Abstract
Background
Subclinical hypothyroidism (SCH) is a common endocrine subclinical disorder, the main adverse consequences of which are the development of clinical hypothyroidism and the promotion of ischemic heart disease. Metabolic syndrome (MetS) is a collection of metabolic problems. The goal of this meta-analysis was to evaluate the relationship between MetS and SCH.
Methods
Suitable publications were identified using PubMed, Embase, and the Cochrane Library. The meta-analysis included only studies in English that reported odds ratio (OR) data for MetS and SCH. Two researchers combined data using a random-effects model. OR and 95% confidence intervals (CIs) were used to present the results.
Results
MetS was associated with an elevated risk of developing SCH (OR 2.56, 95% CI 1.44–4.55).

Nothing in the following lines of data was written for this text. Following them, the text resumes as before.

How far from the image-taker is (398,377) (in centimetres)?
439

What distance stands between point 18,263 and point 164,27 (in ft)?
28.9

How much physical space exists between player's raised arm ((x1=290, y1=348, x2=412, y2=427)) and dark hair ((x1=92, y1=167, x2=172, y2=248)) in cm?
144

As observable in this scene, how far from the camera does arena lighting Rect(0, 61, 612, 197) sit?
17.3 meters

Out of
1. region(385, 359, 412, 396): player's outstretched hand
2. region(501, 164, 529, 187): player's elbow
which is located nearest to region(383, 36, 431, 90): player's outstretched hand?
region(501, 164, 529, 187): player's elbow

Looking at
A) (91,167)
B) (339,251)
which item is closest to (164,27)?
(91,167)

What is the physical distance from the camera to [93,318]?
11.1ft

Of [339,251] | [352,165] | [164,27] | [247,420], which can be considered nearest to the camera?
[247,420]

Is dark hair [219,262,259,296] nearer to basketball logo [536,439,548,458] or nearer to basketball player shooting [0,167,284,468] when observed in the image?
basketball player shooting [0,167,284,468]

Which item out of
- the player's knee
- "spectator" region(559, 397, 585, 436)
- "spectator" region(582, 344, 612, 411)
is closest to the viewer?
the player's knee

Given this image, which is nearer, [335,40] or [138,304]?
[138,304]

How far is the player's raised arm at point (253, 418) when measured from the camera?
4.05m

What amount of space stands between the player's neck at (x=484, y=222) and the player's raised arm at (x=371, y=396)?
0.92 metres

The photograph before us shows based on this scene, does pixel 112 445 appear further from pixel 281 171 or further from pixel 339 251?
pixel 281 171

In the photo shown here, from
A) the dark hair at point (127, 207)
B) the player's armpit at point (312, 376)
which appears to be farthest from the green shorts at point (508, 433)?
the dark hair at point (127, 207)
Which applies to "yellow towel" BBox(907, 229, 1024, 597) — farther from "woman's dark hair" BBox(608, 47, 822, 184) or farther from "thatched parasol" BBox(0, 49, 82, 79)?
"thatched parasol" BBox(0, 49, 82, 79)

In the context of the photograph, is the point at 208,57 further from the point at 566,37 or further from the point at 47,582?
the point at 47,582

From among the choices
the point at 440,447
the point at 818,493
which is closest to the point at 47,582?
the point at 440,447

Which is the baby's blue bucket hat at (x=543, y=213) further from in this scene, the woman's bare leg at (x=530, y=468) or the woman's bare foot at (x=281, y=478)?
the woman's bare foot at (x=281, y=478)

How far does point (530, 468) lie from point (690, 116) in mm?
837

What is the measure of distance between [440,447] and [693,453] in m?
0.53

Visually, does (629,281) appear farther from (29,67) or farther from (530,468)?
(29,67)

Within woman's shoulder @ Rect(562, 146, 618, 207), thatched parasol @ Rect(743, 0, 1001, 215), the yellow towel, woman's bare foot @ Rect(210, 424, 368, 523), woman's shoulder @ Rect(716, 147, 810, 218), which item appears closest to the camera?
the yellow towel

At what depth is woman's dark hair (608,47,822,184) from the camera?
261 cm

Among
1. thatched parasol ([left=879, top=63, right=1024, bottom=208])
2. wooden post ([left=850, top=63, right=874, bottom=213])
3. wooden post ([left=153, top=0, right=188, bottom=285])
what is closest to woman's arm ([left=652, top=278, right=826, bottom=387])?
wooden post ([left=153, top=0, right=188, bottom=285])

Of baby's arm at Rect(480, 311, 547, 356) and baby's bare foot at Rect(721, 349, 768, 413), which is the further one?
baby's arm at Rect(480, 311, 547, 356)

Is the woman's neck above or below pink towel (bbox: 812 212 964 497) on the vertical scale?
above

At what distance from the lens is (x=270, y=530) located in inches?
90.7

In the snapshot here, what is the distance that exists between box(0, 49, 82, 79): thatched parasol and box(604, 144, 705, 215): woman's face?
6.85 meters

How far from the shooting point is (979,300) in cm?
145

However, the individual components of MetS were not associated with the risk of SCH. Subgroup analysis revealed that different definitions of MetS had varying effects on SCH. Sensitivity analysis confirmed that our results were robust.
Conclusions
This meta-analysis indicates that patients with MetS have an increased risk of SCH, while there is no significant association between the five individual components of MetS and the risk of SCH.
Systematic review registration
https://www.crd.york.ac.uk/PROSPERO/, identifier CRD42023454415.

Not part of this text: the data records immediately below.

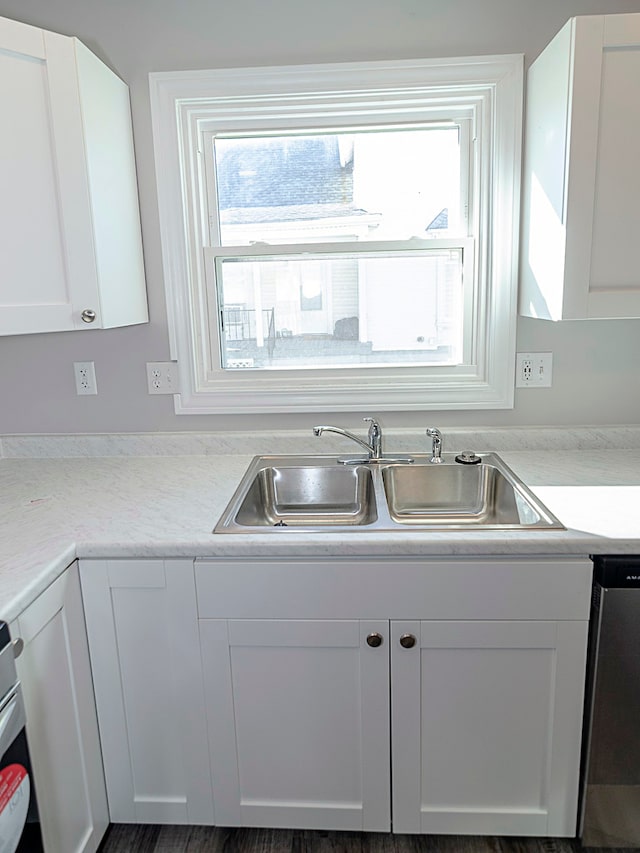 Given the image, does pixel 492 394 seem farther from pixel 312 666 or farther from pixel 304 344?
pixel 312 666

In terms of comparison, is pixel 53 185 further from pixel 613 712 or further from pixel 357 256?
pixel 613 712

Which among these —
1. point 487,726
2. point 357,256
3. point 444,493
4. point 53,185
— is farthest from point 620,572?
point 53,185

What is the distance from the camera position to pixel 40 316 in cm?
161

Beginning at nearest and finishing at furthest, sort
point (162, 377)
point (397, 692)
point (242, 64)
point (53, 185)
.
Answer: point (397, 692) → point (53, 185) → point (242, 64) → point (162, 377)

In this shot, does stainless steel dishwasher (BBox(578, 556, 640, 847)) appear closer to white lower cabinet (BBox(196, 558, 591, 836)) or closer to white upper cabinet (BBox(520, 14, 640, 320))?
white lower cabinet (BBox(196, 558, 591, 836))

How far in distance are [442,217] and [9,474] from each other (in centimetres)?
160

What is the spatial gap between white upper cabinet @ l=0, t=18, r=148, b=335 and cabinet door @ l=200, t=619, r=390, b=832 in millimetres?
913

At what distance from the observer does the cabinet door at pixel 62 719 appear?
1237mm

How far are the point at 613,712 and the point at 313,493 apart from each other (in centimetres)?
98

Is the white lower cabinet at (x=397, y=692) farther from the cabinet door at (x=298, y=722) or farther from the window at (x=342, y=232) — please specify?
the window at (x=342, y=232)

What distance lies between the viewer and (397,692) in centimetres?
145

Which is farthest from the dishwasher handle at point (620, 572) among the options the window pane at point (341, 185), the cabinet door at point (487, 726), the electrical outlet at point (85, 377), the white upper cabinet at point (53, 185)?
the electrical outlet at point (85, 377)

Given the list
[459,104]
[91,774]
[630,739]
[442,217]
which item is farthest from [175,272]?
[630,739]

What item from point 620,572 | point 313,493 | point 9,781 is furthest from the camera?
point 313,493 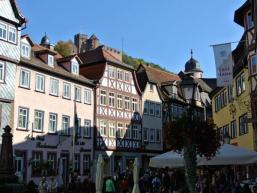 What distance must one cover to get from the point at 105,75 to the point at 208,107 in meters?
24.8

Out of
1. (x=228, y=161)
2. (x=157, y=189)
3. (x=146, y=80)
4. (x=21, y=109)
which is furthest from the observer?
(x=146, y=80)

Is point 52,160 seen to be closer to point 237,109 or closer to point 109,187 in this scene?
point 237,109

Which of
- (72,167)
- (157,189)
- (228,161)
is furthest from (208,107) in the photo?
(228,161)

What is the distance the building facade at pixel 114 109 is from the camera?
1705 inches

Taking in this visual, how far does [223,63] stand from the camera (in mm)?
18969

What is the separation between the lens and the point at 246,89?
30.8 meters

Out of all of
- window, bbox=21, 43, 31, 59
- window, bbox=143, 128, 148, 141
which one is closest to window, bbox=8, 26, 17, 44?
window, bbox=21, 43, 31, 59

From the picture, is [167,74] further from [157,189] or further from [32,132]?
[157,189]

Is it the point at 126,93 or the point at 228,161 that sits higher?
the point at 126,93

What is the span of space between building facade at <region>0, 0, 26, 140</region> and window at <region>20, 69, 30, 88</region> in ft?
3.85

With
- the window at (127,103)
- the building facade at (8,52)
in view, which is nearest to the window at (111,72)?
the window at (127,103)

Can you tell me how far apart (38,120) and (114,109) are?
1080 cm

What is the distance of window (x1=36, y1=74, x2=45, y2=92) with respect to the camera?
36156mm

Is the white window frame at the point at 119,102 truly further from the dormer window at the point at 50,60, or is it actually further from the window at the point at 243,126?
the window at the point at 243,126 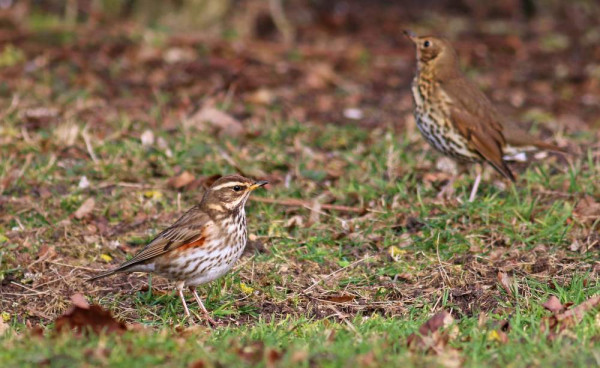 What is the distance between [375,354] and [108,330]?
158 centimetres

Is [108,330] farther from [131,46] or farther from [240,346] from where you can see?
[131,46]

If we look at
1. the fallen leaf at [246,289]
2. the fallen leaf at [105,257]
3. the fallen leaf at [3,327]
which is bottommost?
the fallen leaf at [105,257]

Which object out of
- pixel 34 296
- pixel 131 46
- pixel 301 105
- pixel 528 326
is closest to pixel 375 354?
pixel 528 326

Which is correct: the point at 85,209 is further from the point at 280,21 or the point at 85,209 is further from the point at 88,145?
the point at 280,21

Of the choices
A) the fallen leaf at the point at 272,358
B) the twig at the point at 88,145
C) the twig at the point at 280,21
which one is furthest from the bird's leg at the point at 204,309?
the twig at the point at 280,21

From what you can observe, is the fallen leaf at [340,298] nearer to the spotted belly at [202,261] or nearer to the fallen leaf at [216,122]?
the spotted belly at [202,261]

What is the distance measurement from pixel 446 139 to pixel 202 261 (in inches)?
120

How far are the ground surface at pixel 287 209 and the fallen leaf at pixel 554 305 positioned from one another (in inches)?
0.8

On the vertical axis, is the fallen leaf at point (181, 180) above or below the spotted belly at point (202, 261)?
below

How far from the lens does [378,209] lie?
27.4 feet

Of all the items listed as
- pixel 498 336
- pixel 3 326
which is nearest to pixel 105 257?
pixel 3 326

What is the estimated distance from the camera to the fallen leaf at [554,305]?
243 inches

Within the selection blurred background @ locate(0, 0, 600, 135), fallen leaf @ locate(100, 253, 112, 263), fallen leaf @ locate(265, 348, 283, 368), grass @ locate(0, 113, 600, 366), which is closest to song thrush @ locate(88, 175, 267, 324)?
grass @ locate(0, 113, 600, 366)

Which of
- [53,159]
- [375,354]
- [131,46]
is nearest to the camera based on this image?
[375,354] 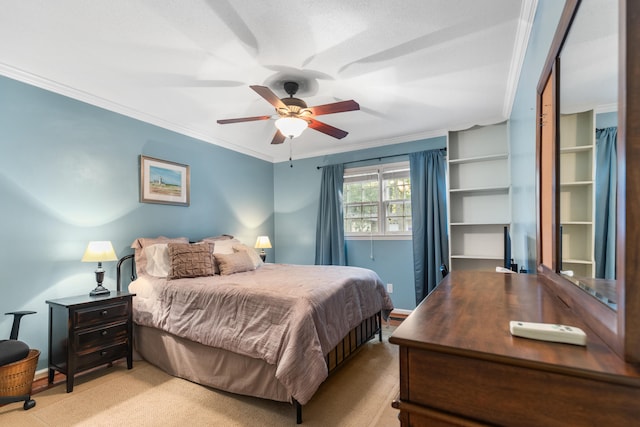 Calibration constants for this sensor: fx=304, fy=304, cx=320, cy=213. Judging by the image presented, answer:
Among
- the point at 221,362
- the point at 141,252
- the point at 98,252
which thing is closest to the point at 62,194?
the point at 98,252

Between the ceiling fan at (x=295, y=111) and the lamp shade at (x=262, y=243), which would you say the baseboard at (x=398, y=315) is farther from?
the ceiling fan at (x=295, y=111)

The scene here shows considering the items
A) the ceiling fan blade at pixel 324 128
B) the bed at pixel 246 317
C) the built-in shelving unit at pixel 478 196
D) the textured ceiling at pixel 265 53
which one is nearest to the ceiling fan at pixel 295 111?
the ceiling fan blade at pixel 324 128

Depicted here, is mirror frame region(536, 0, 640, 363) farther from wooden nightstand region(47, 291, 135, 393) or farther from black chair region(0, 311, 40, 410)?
wooden nightstand region(47, 291, 135, 393)

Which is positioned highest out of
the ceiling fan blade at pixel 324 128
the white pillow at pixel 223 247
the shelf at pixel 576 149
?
the ceiling fan blade at pixel 324 128

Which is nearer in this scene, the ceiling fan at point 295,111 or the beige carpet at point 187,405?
the beige carpet at point 187,405

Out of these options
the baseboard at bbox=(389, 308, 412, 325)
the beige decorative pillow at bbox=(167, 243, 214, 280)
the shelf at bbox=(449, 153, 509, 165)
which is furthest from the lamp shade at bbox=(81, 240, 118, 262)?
the shelf at bbox=(449, 153, 509, 165)

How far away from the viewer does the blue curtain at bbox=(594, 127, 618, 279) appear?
25.8 inches

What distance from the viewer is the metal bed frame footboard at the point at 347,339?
2373mm

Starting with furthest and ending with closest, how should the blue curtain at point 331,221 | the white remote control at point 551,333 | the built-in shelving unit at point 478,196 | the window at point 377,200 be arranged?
the blue curtain at point 331,221, the window at point 377,200, the built-in shelving unit at point 478,196, the white remote control at point 551,333

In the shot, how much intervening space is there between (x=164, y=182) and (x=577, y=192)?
12.7 ft

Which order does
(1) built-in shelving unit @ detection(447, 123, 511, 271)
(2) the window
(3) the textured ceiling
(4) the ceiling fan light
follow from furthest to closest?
(2) the window, (1) built-in shelving unit @ detection(447, 123, 511, 271), (4) the ceiling fan light, (3) the textured ceiling

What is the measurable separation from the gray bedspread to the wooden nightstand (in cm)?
20

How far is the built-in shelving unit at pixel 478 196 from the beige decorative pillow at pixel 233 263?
238cm

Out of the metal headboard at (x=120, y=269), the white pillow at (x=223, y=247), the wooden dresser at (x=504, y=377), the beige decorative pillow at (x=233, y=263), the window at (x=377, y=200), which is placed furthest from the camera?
the window at (x=377, y=200)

Keywords: subclinical hypothyroidism, thyroid, metabolic syndrome, metabolic component, meta-analysis
1. Introduction
Metabolic syndrome (MetS) is a pathological state of a variety of metabolic disorders, including obesity, hyperglycemia, hypertension, and dyslipidemia (1, 2). It is recognized as one of the clinical syndromes that significantly impact human health (1, 3–6), affecting an estimated 25% of the world’s population (4, 6, 7). The risk of cardiovascular disease would be significantly increased when these metabolic abnormalities co-exist in an individual.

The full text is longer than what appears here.